Entries provided:
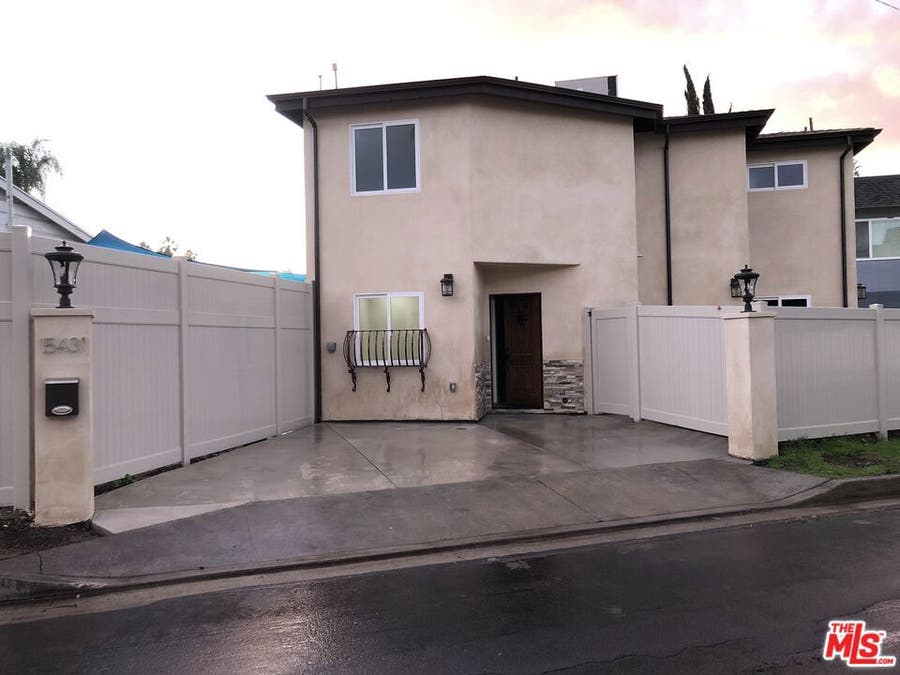 Property photo for 15431 HUSTON Street, Sherman Oaks, CA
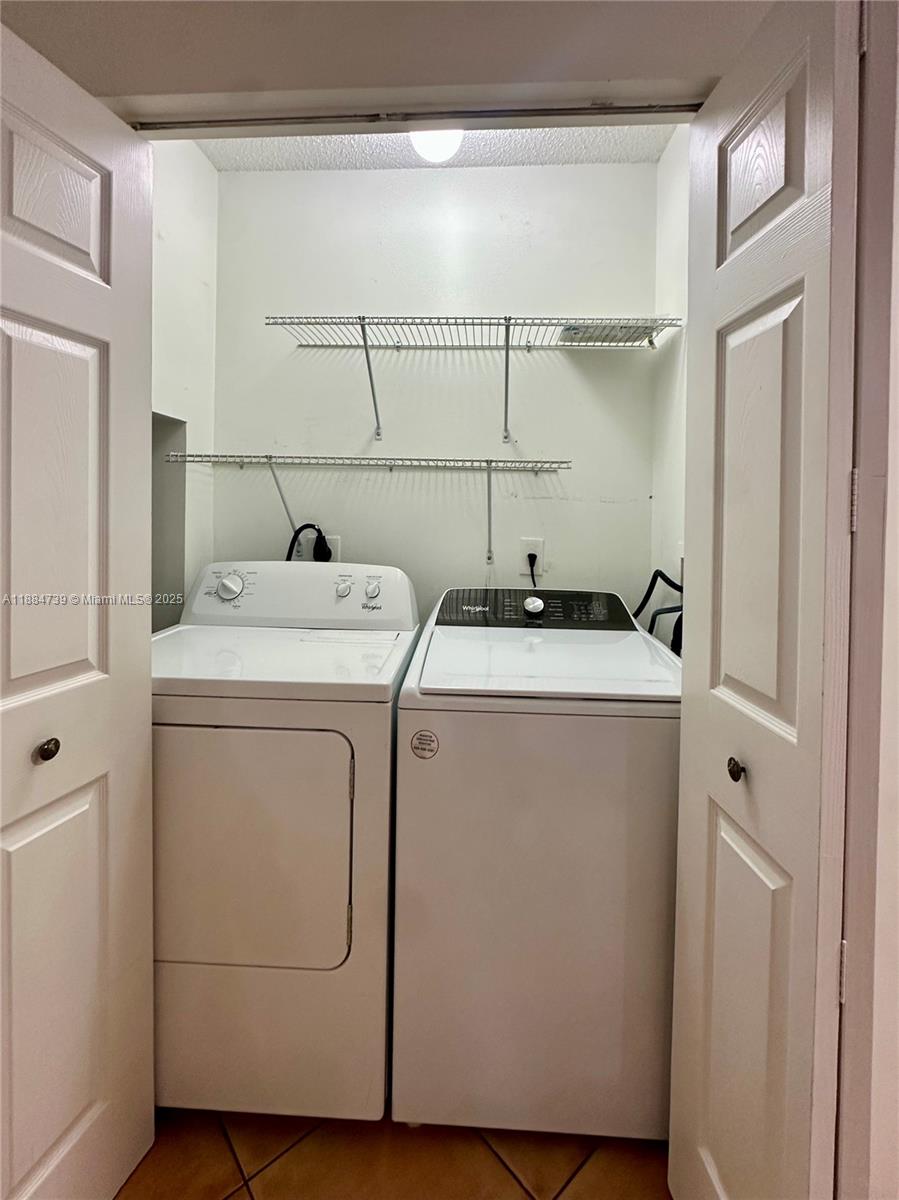 SOMERSET FOUR REPLAT - Residential Lease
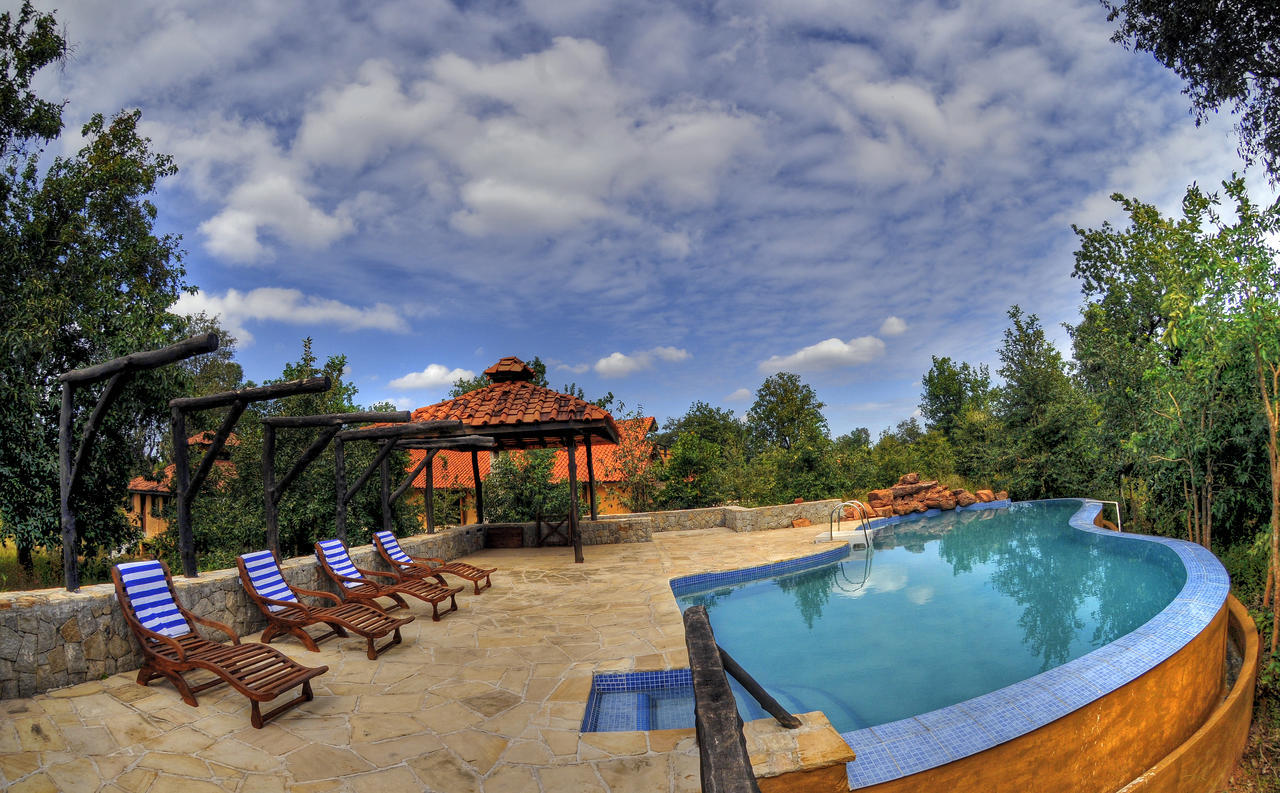 Kanha Earth Lodge Mandlā Exterior foto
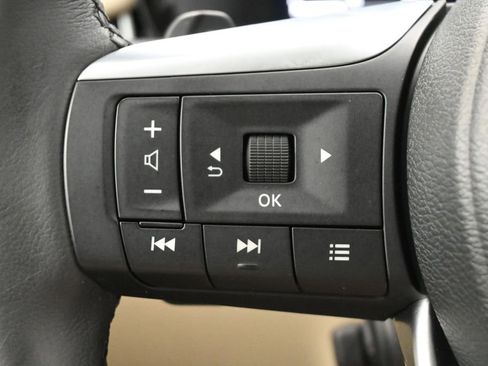 Used 2023 INFINITI QX60 Luxe w/ Performance Audio Package FWD image 8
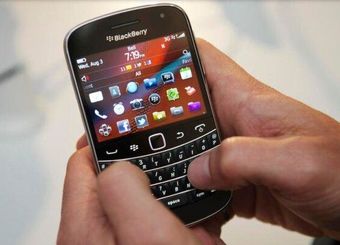 دستگاه‌های قدیمی بلک بری در ایستگاه پایانی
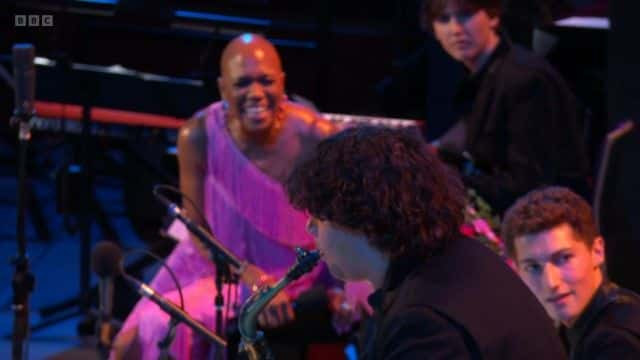 ¼Ƭϵϡ (Dee Dee Bridgewater)ңֽϵľʿ Dee Dee Bridgewater: Jazz Greats at the Proms1080Pȫ1-Ļ/Ļ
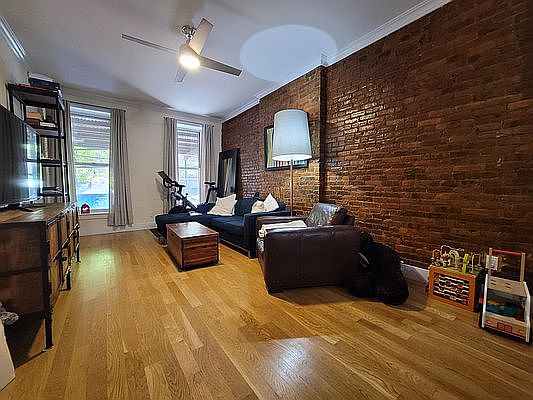 1st image of 540 Henry St APT 1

Requirement: Write out exactly the lines that run from the one containing "SOMERSET FOUR REPLAT - Residential Lease" to the last line of the entries above, both ends kept, pictures left out.

Written reply:
 SOMERSET FOUR REPLAT - Residential Lease
 Kanha Earth Lodge Mandlā Exterior foto
 Used 2023 INFINITI QX60 Luxe w/ Performance Audio Package FWD image 8
 دستگاه‌های قدیمی بلک بری در ایستگاه پایانی
 ¼Ƭϵϡ (Dee Dee Bridgewater)ңֽϵľʿ Dee Dee Bridgewater: Jazz Greats at the Proms1080Pȫ1-Ļ/Ļ
 1st image of 540 Henry St APT 1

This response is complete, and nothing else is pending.